━━━ Supplied data ━━━

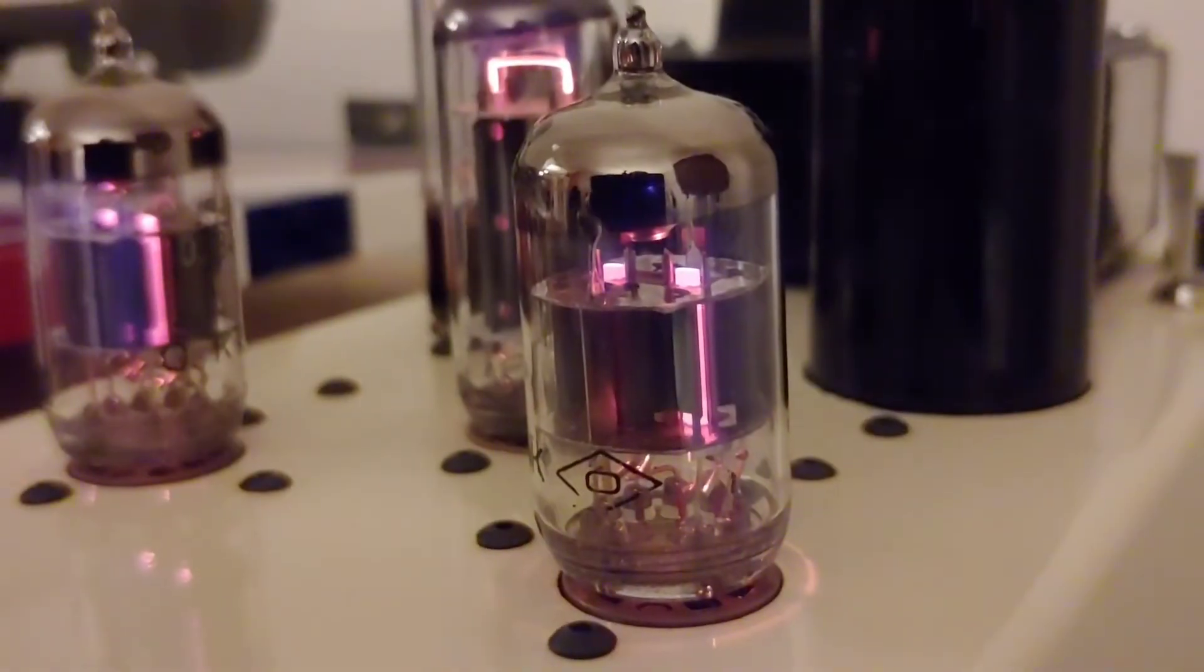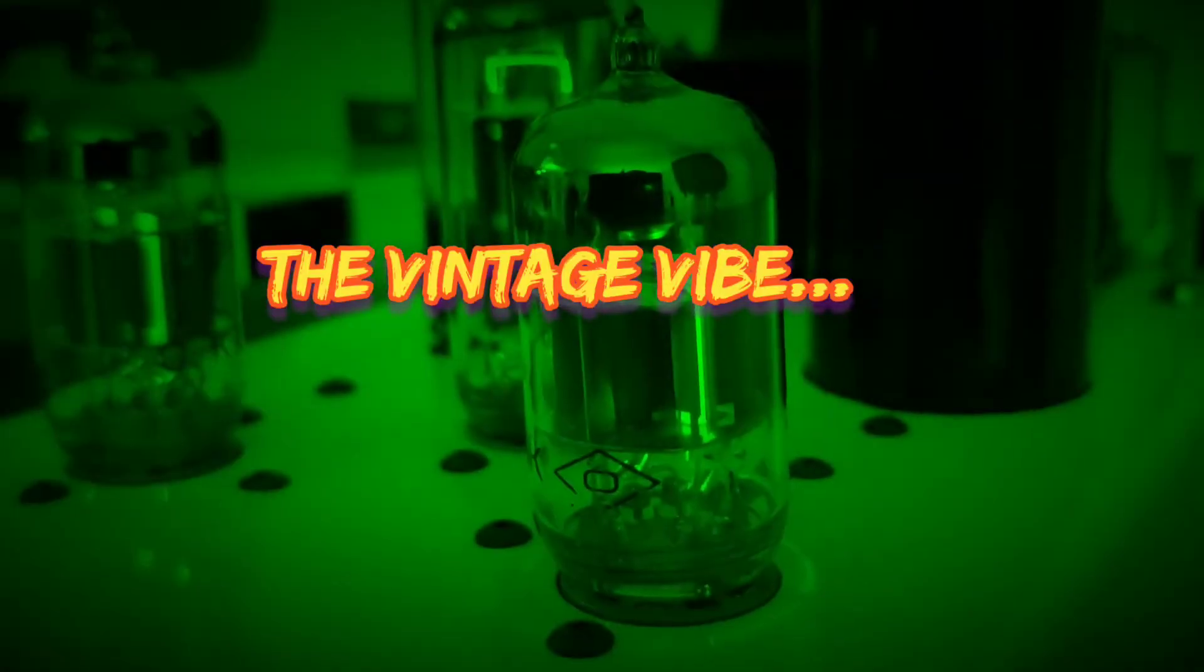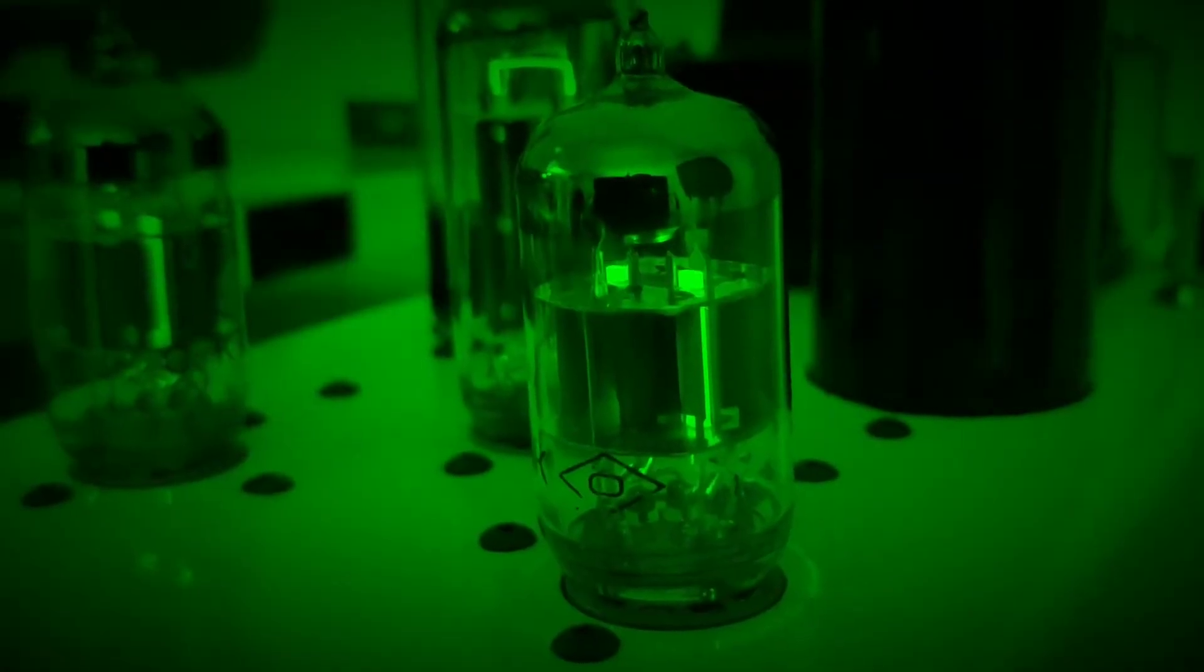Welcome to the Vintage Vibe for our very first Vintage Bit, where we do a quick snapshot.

━━━
━━━ Supplied data ━━━

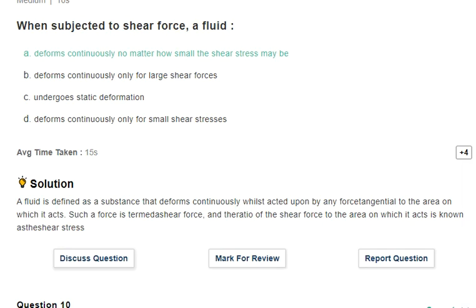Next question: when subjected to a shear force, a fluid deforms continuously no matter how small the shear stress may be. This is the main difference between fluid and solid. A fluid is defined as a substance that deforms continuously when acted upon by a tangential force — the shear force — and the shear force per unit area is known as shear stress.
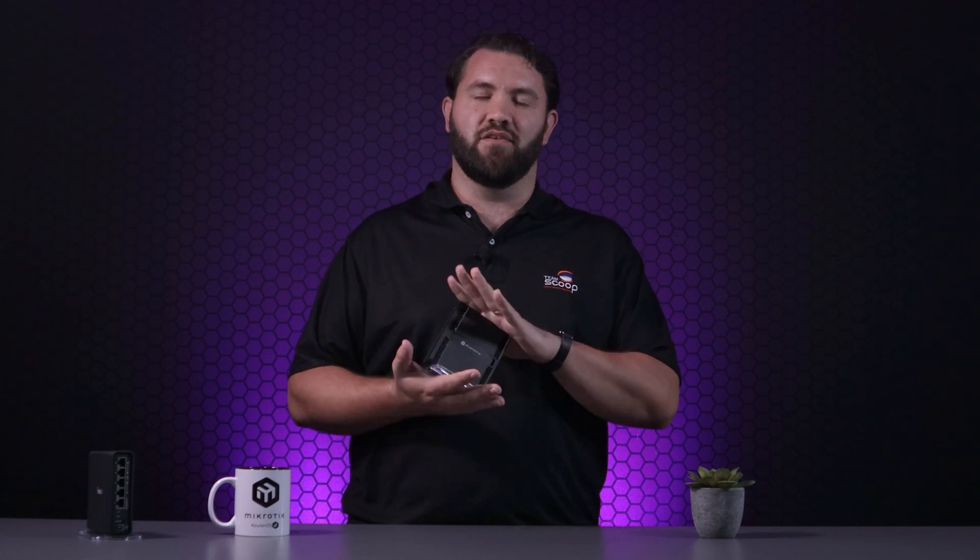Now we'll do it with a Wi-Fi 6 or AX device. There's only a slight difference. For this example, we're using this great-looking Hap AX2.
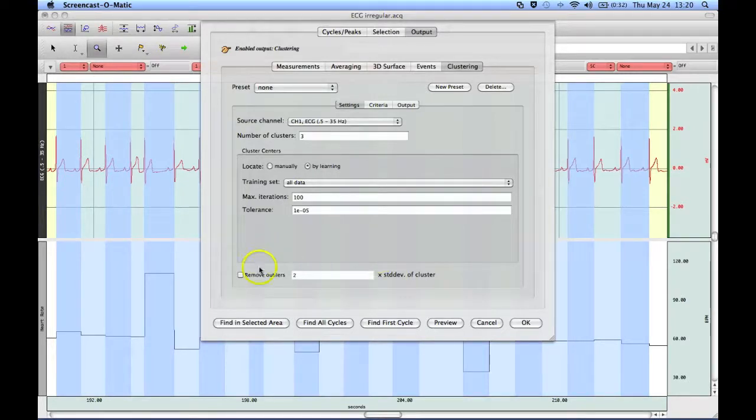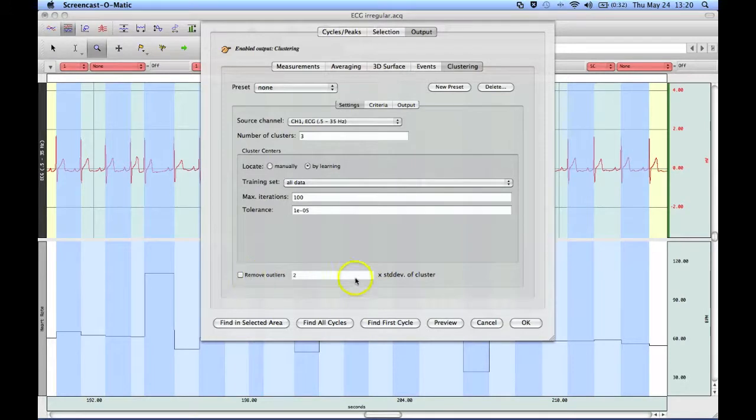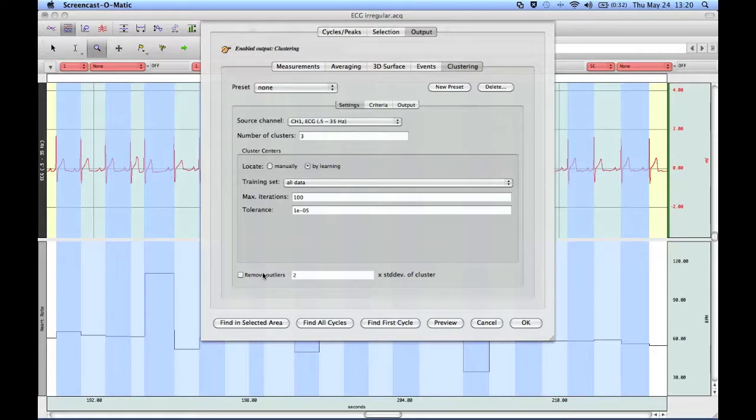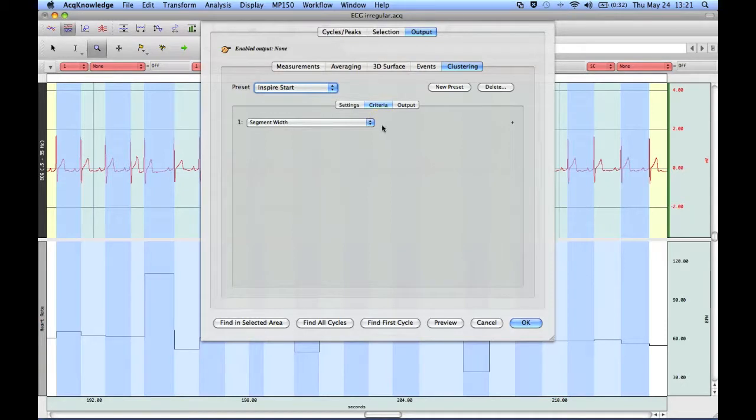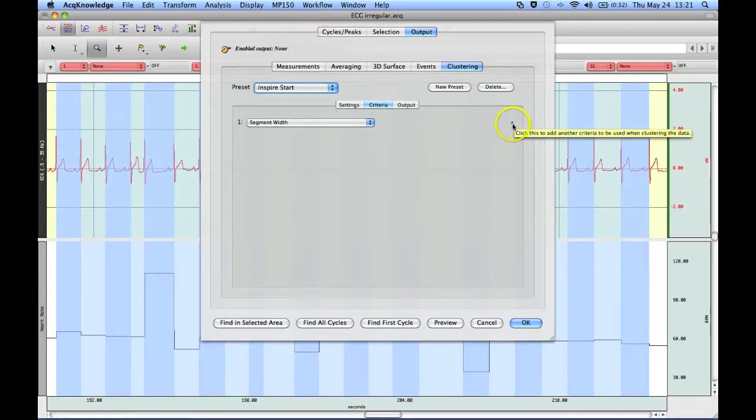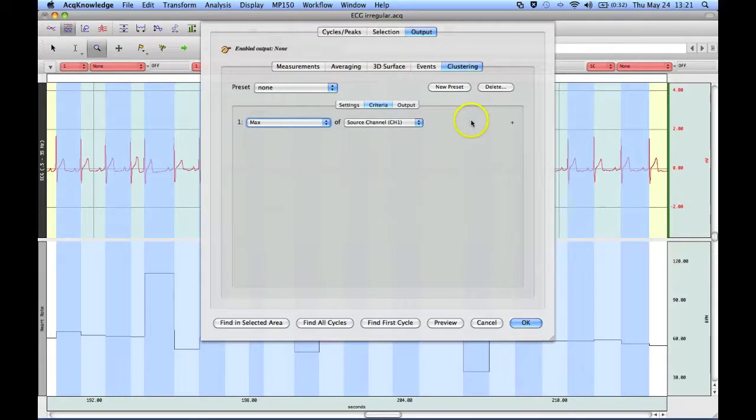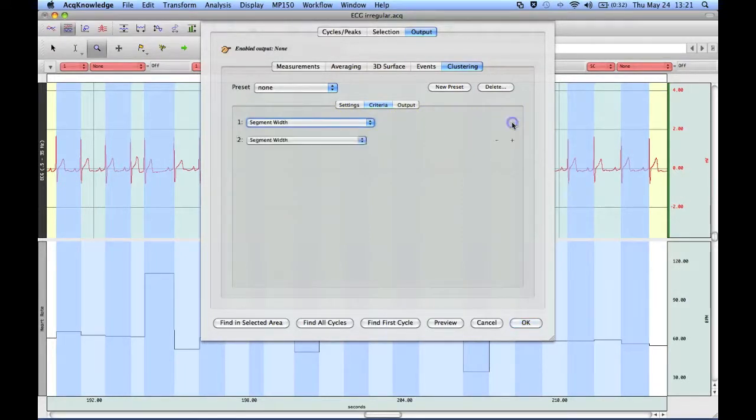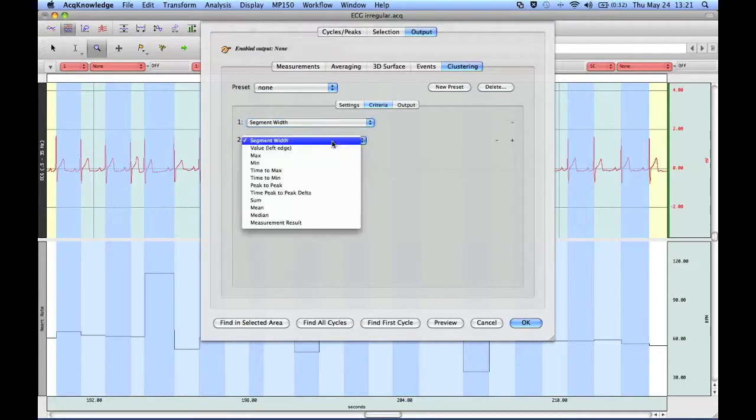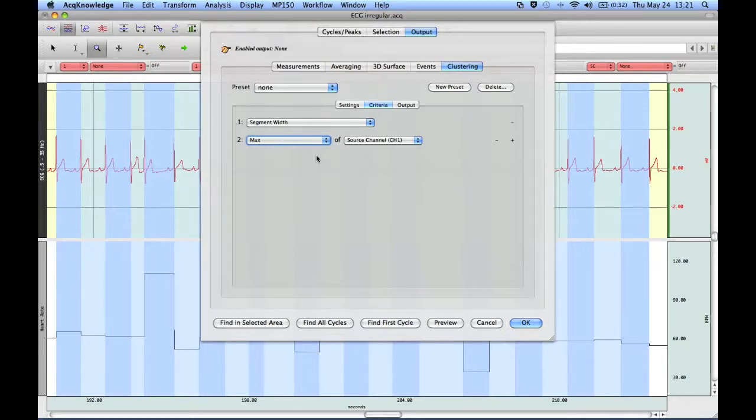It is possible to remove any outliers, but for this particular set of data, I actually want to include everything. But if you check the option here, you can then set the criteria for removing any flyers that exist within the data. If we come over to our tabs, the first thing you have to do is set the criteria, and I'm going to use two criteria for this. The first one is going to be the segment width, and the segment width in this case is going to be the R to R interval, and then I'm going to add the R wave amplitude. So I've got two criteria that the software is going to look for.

━━━
━━━ Supplied data ━━━

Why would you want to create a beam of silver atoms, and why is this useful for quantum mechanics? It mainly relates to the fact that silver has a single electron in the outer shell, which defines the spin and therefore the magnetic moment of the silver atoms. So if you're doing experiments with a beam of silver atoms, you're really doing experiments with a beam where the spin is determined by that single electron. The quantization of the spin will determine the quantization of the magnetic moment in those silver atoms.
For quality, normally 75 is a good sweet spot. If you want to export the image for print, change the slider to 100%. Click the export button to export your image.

━━━

= What you have to do =
Of all the entries above, output exactly the lines between the one holding "Why would you" and the one holding "For quality, normally", inclusive.

= Output of the exercise =
Why would you want to create a beam of silver atoms, and why is this useful for quantum mechanics? It mainly relates to the fact that silver has a single electron in the outer shell, which defines the spin and therefore the magnetic moment of the silver atoms. So if you're doing experiments with a beam of silver atoms, you're really doing experiments with a beam where the spin is determined by that single electron. The quantization of the spin will determine the quantization of the magnetic moment in those silver atoms.
For quality, normally 75 is a good sweet spot. If you want to export the image for print, change the slider to 100%. Click the export button to export your image.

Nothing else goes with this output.